Although the immediate humanitarian crisis is subsiding, agencies dealing with emergency management remain in the Big Easy doing a collective--albeit sometimes chaotic--job to secure, dry out, clean and rebuild the city.
Much of New Orleans is a ghost town. Streets are lined with vacant buildings, some boarded up, others smashed by trees or telephone poles. The sides of some structures have collapsed, sometimes on top of cars or other buildings. Debris is everywhere. Dogs roam the streets searching for any food.
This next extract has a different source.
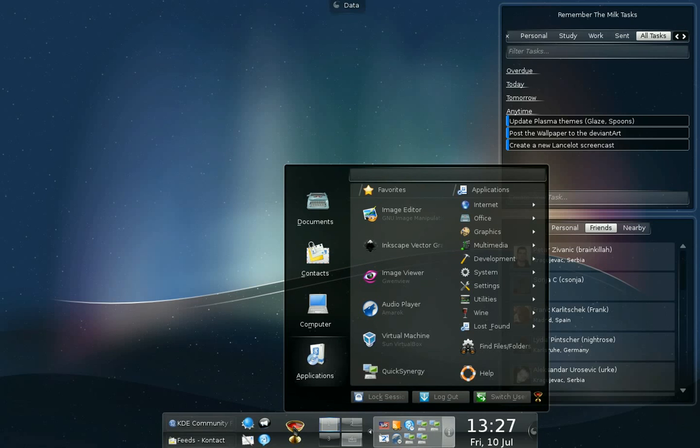Unfortunately, the Record My Desktop software doesn't allow me to drag and drop things onto the desktop. So, I've already dragged a few things just to show what it looks like.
Streets in the northern section of New Orleans remain flooded, though authorities say they expect the city to be drained within a month.
Many of those residents who have been allowed to remain have been put to work cleaning the streets for $10 an hour, sweeping debris into heaps so it can be shoveled into overflowing garbage cans or picked up with bulldozers operated by National Guard troops.
Although the water has subsided, the city remains flooded with an alphabet soup of federal agencies.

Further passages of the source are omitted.